With no report to speak of, the Botswana Sectors of Educators Trade Union (BOSETU) is worried that when schools open today, teacher unions would have yet to be given assessment outcomes on the pupils’ learning environment.
In the midst of a delayed wintry reopening of schools due to the coronavirus (COVID-19) pandemic, BOSETU’s complaint is that they have long requested the Ministry of Basic Education (MoBE) to produce a report on schools’ readiness, but the union has been sent from pillar to post.
“Our position as teachers unions is clear, if all schools have adhered to Health required standards then schools may open. But from the information we are getting on the ground, there are those schools that have met the required standards and those which did not for different reasons known by the ministry,” BOSETU vice president, Mogomotsi Motshegwa told The Monitor.

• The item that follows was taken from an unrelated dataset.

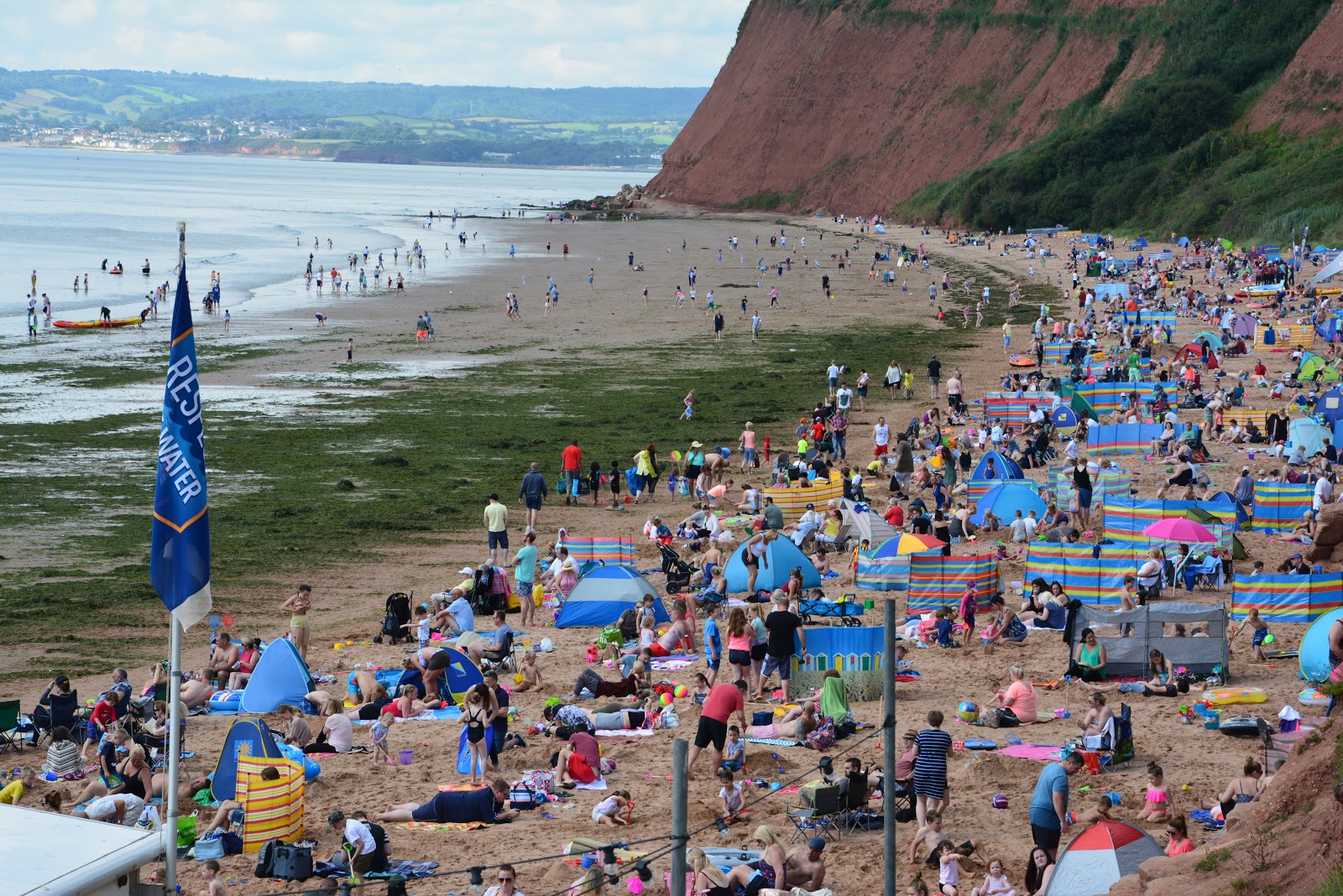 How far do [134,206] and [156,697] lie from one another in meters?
130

“What is important is for all stakeholders to meet and find ways for all schools that are still behind to meet standards very quickly. This is not the time to blame each other, but to become transparent on issues so that we map the way forward on matters. I believe the government is working around the clock to ensure that additional teachers do report to schools this week.”

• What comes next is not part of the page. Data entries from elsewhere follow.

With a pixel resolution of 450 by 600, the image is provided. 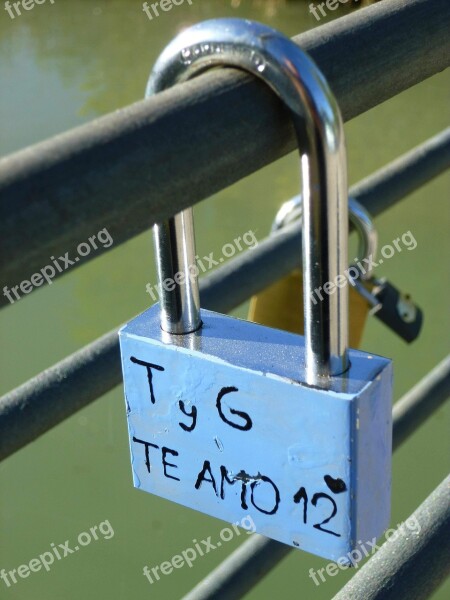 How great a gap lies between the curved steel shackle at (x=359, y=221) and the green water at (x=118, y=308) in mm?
871

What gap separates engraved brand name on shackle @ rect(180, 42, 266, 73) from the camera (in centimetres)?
34

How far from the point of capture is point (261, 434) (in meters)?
0.44

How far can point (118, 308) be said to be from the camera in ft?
8.18

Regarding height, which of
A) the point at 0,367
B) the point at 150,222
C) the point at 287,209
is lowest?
the point at 0,367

Minister of Basic Education, Fidelis Molao said all schools are ready to welcome students.
“We have been ready to have students returning to schools with all measures in place. It is not easy, but we are doing our best and will continue monitoring the situation, Molao said.
The minister would not however be dragged into discussing the report for preparedness insisting that schools have long been ready to welcome students.
He further said they were on track to have pre-primary students return to school in early August.
Chief education officer for Jwaneng/Mabutsane, Abram Molelowamodimo said their schools
“Schools will have a double shift so there will be no congestion in classrooms. There will be two groups; one goes in the morning till 12.30pm then another one commences from 12.30pm till 4.30pm,” Molelowamodimo explained.
“Teachers and school management have agreed so that we address the issues of classroom shortages. Again our additional or temporary teachers have received their letters of employment while some will receive them this week.”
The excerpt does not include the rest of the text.